Marine, planted, shrimp.


----------



## InfraredDream (Jun 24, 2010)

BubBleBee said:


> Too bad you can only pick one.....


Same here. Voted for community fish, but all my tanks are planted, I have shrimps and a puffer... So...


----------



## jam (Apr 28, 2010)

puffers and monster fish for the win..... big tanks are addictive


----------



## hp10BII (Apr 23, 2010)

beN said:


> ive messaged the all might dark lord ...
> 
> he is going to add planted to the shrimp category
> 
> ...


As of now, still allows only 1 choice, otherwise, discus, community, africans, corydoras.


----------



## CRS Fan (Apr 21, 2010)

Shrimp planted tanks & etc ALL THE WAY !!!!


----------



## EDGE (Aug 24, 2010)

Would be nice to renamed the pleco forum to pleco/corydoras/bottom dweller.


----------



## 2wheelsx2 (Apr 21, 2010)

EDGE said:


> Would be nice to renamed the pleco forum to pleco/corydoras/bottom dweller.

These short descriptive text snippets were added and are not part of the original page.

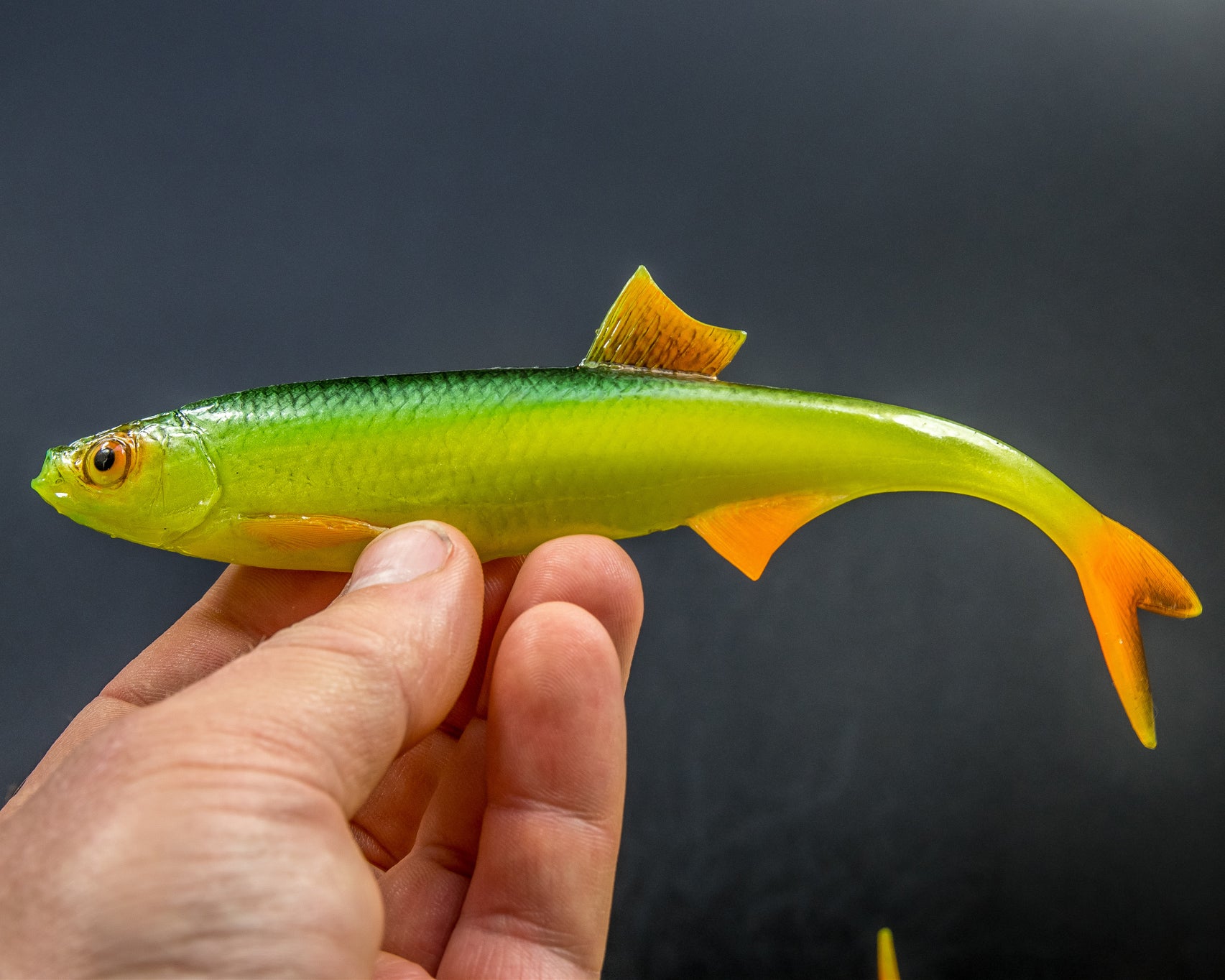 ANGRY LURES Bleak F-Tail cm. 17 GYO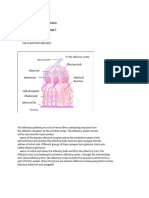 Olfactory Pathway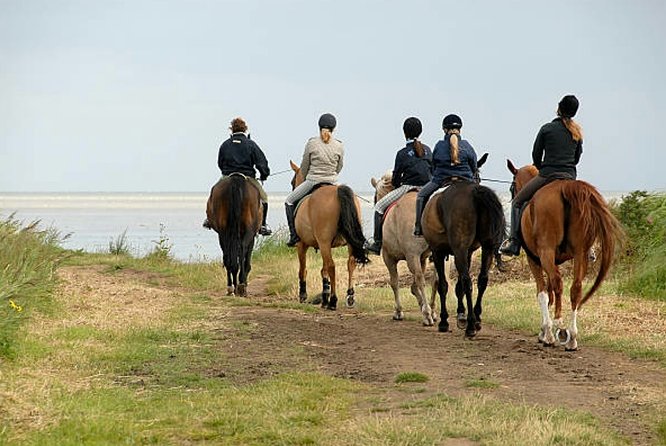 Agadir 2-Hour Private Horse Riding Experience With Pickup - Accessibility and Additional Info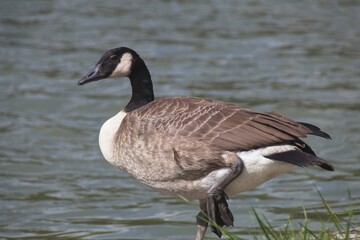 country goose on the grass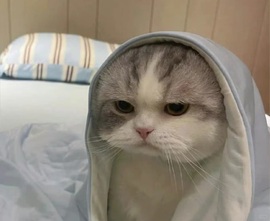 洁儿身体不舒服休主播照片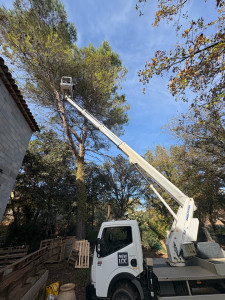 Photo de galerie - Élagage avec nacelle 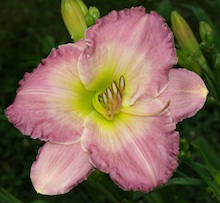 Earlybird Apple Blossom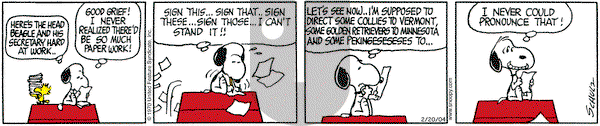 Peanuts on Friday February 20, 2004 Comic Strip
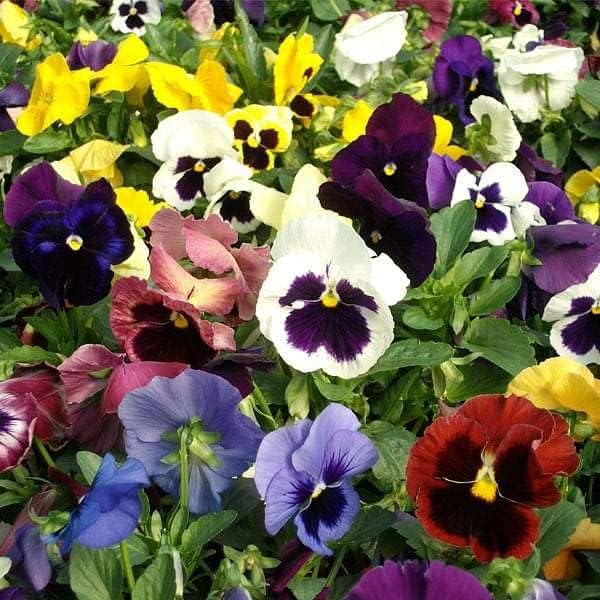 Image of Low Maintenance Hybrid Flower Seeds Combo Pack- All Year Flower Seeds Supply (9 VARIETY SOUTH INDIA ALL YEAR)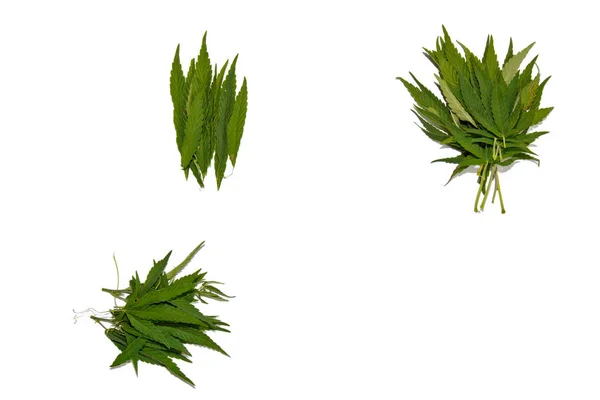 녹색 대마는 흰색 배경 상단보기에 고립 된 잎. 대마초 부시 — 스톡 사진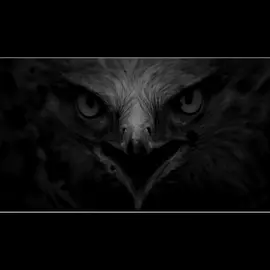 لن ترا النجوم الا في الضلام ولن ترا الرجال الا في المواقف#اغا_وحيد_مرادي🦅 #عقاب_ايران_زمين_داش_واحيد_مرادي #وحيد_مرادي_روحت_شاد_اغا_🇮🇶🦅 #المصمم_ابو_طوفان #صوفي_ابن_عباس #جيش_صوفي_ابن_عباس #تصميم_فيديوهات🎶🎤🎬 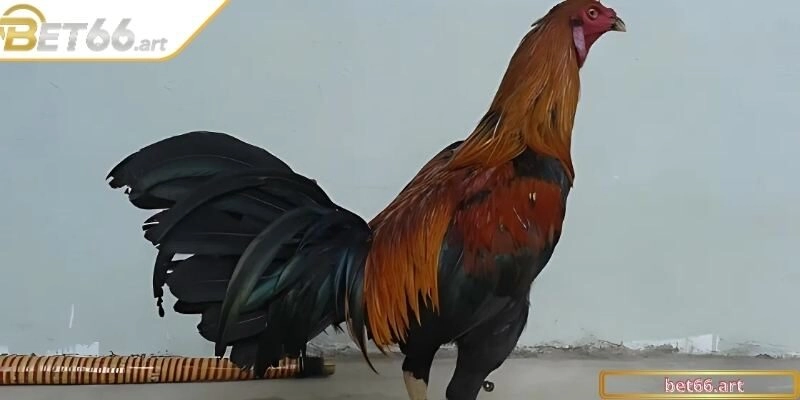 Khám phá xuất xứ và sức mạnh di truyền của giống gà Peru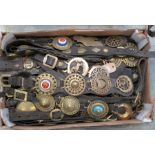 Two boxes of various 19th & 20th Century horse brasses mainly mounted on martingale straps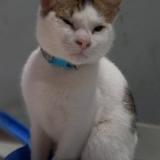 Photo de chat perdu à La Plata Villa Elvira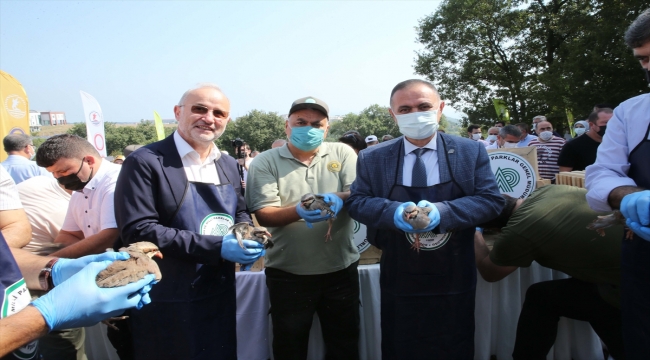 Samsun'da üniversite yerleşkesine 500 sülün ve kınalı keklik bırakıldı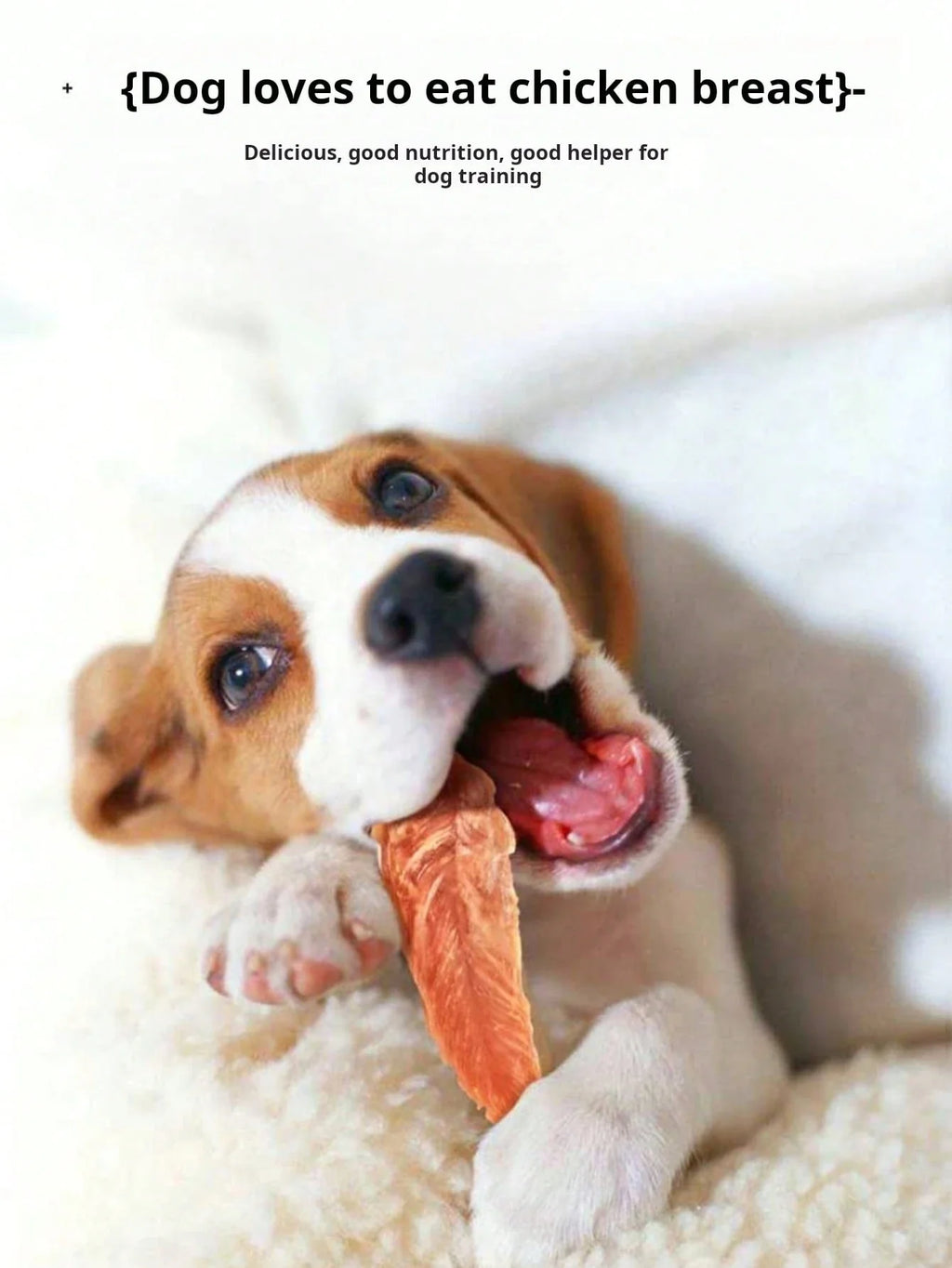 helety Pet Snacks-Chicken Breast Jerky
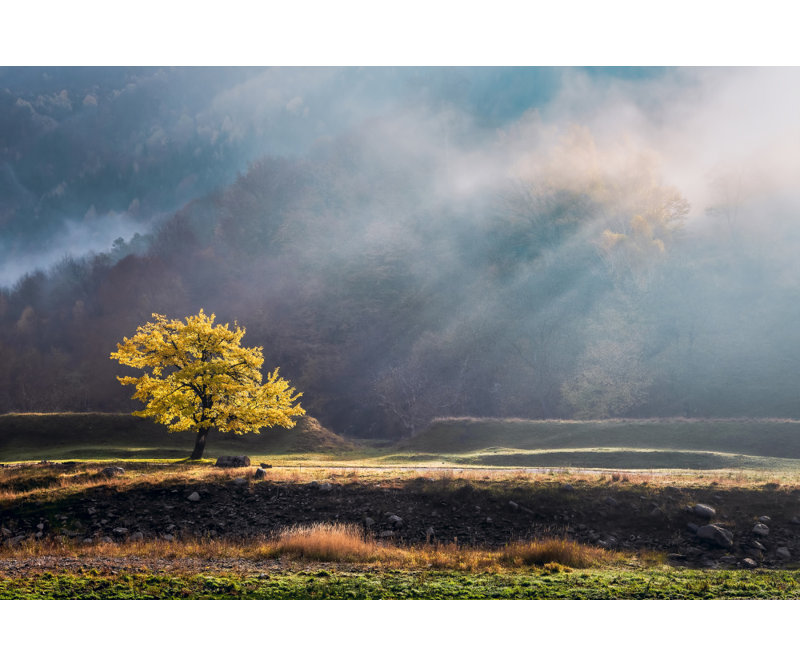 Wrapped Canvas Print, 50.8 cm H x 76.2 cm W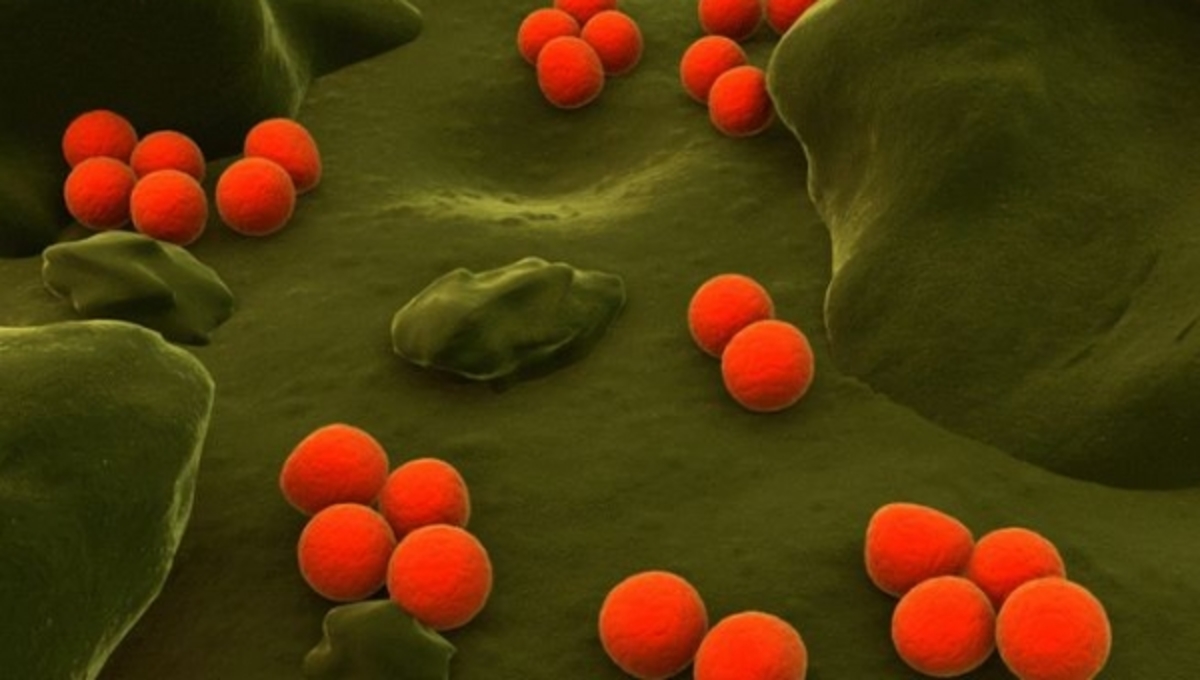 Η γονόρροια επιστρέφει λόγω … αντιβιοτικών! Γιατί δε θα θεραπεύεται σε λίγο καιρό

Yes, I agree, a catfish/bottomdweller forum would be more wide ranging than just plecos, even though there are plenty of plecos of choose from, but there are already specific forums to choose from for all the specific scientific information.


----------



## effox (Apr 21, 2010)

Edge: Put the suggestion forth in the correct category and it may happen. That's a good suggestion.


----------



## plantedinvertz (Apr 21, 2010)

Shrimps and Planted FTW.


----------



## Ursus sapien (Apr 21, 2010)

seems we all hate to choose!

I tend toward planted species set-ups with livebearers, killies, small rainbows or shrimp. But... then there's my cats... it gets so hard to define!


----------



## fishclubgirl (Apr 29, 2010)

Agreed!! Am looking for the betta and rare but prolific livebearer category but it seems to be missing???


----------



## Luke78 (Apr 24, 2010)

Voted for discus , but iam keeping a bit of everything in the same setup:Community/Pleco/Cory/Dwarf cichlids (apistogramma).Variety is key!


----------



## beN (Apr 21, 2010)

lots of community folk i see 

i know there is more puffer keepers outhere..


----------



## Discus (Apr 23, 2010)

I bet you have no idea what I picked


----------



## beN (Apr 21, 2010)

haha..Discus..funny guy


----------



## BCAquaria (Apr 24, 2010)

I'm more of a planted community tank kinda guy


----------



## Morainy (Apr 21, 2010)

Me too. Planted community tanks with shrimp. I chose planted shrimp. But shrimp are quite new to me.


----------



## kelownaguy (Jan 1, 2011)

BCAquaria said:


> I'm more of a planted community tank kinda guy


Me too.No shrimps though.

Where is our catagory?


----------



## beN (Apr 21, 2010)

kelowna guy..

there is a category for shrimps.planted tanks etc.


----------



## mikebike (Sep 8, 2010)

Gee tough to choose.
I have/like
Plecos
African Cichlids
South American Cichlids
Community fish
Planted 

BTW: I suffer from Tankitis.


----------



## roadrunner (Apr 25, 2010)

and +1 for bettas


----------



## kelownaguy (Jan 1, 2011)

beN said:


> kelowna guy..
> 
> there is a category for shrimps.planted tanks etc.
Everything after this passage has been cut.